Diego responded with a statement defending herself — this was flatly rejected (by people who had never visited the gallery, or seen the program) as “lies and evasions.” There could be no discussion and no debate. The gallery had to be shut down immediately.

A rally was organized for Saturday February 25. With SDLD50 now campaigning, the “Nazi gallery” story kept spreading, first to local Hackney papers, then the Guardian, who illustrated their article with a photo of former KKK-leader David Duke, who had nothing to do with the gallery, and misattributed a quote from Diego as Jung’s. The charges of the tumblr were repeated, and we now learned about their author — Andrew Osborne, a Corbyn-supporting member of the union Unite, a technician in the IT department at the Royal College of Art, and a PhD student in sociology at Goldsmith’s without a publication record.

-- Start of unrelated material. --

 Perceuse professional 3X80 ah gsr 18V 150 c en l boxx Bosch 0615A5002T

SDLD50 was spreading fear. We were reminded that the gallery was not a gallery, but a secret fascist cell, organizing under the subterfuge of art — it was a public safety issue, Osborne told the New York Times, who mechanically reported it, despite the fact the dangerous program had already occurred, and nobody had noticed or felt threatened at the time.

I still was following the story on the LD50 Facebook page, mesmerized. It kept snowballing. Al-Jazeera had picked-up the story and added an “Islamophobic” angle. Philip Glanville, the Labour Mayor of Hackney, made a comment in support of the campaign to close the space.

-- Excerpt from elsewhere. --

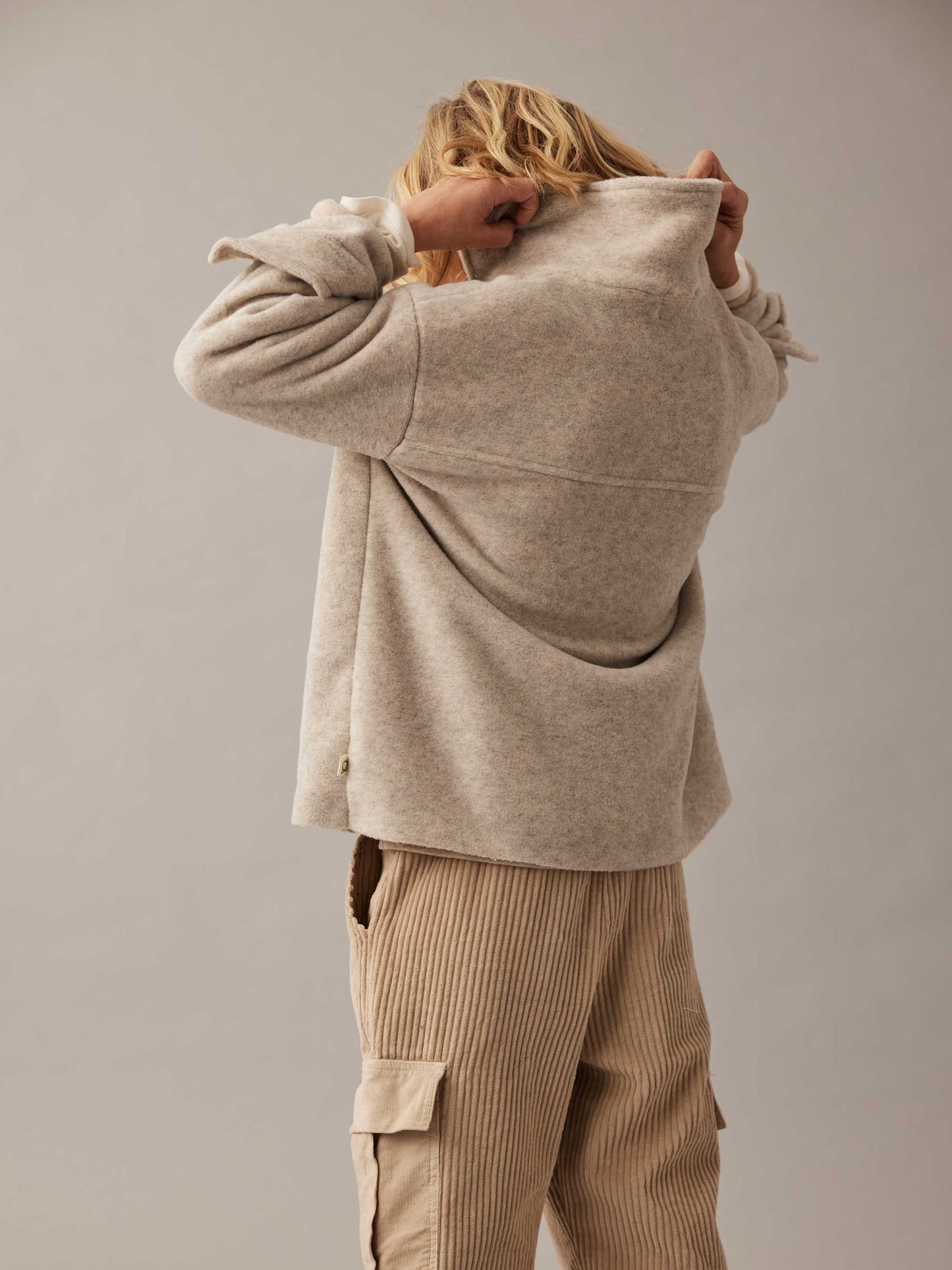 Soft Melange Bamboo Shirt Jacket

By now I was also talking to Diego. I sympathized with her predicament. She was being scapegoated on unsupported slanderous allegations, and convicted on no evidence and with no trial — getting rocks through her window, and threats over the internet. I didn’t know what her intentions had been, but neither did anyone else. None of the campaigners had seen the exhibition, or listened to the talks, or researched the story for themselves; they’d just believed things they read on Facebook and the internet.

Diego and I discussed advertising the protest as a performance — the kind of work I once did with the group Public Movement. But the night before she backed out on police advice.

I had other ideas. I was in Copenhagen a day before for work, the flights were cheap, and I decided to attend alone, and make a counter-protest to support the freedom to discuss ideas, and against intimidation. I made a sign saying “The Right to Openly Discuss Ideas Must be Defended” (the reverse side said “Stand-up to Violence and Intimidation”) and came in the morning and stood against the gallery wall. I’d only been there for a moment when a crowd began to form. Almost immediately, I was surrounded by a group of people screaming Nazi at me — “Nazi”, “white supremacist”, “fascist”, etc. I said I was Jewish, and also an anti-fascist myself, and I believed in discussion. The crowd jeered. I stood my ground until a guy appeared — Garry McFarlane, a Black Lives Matter leader, and ripped it from my hands. Led by him, the crowd pushed me away. “Don’t worry, I got the whole thing on video,” I heard a voice next to me say, and she disappeared. You can see her video here. Later, I noticed Andrew Osborne in a military jacket standing near the back.

At the demonstration journalists had asked me for my name, and I’d supplied it, on the basis that I wanted to stand-up for something, as an individual citizen, in my own name. In retrospect, that was a bold move. When I logged back on the internet, I was an hero. There were dozens of hits on my Facebook pages, and Andrew Osborne was retweeting an Antifa account called FashXKilla threatening to punch me in the face. I stayed the night with a friend in Highbury, and returned to Berlin the next day.


I was supposed to be giving a talk at an Israeli-owned bookshop later that week about Julius Evola as part of an art project called the University of Muri — a fictional university first initiated by Walter Benjamin and Gershom Scholem in 1917. So far we’d talked about the philosopher Giordano Bruno, and the historian A.E. Waite as part of a series of discussions on magic. My colleague Amir and I had read a New York Times article on Evola’s apparent influence on Steve Bannon two weeks earlier, and we’d decided now would be a good time to discuss him.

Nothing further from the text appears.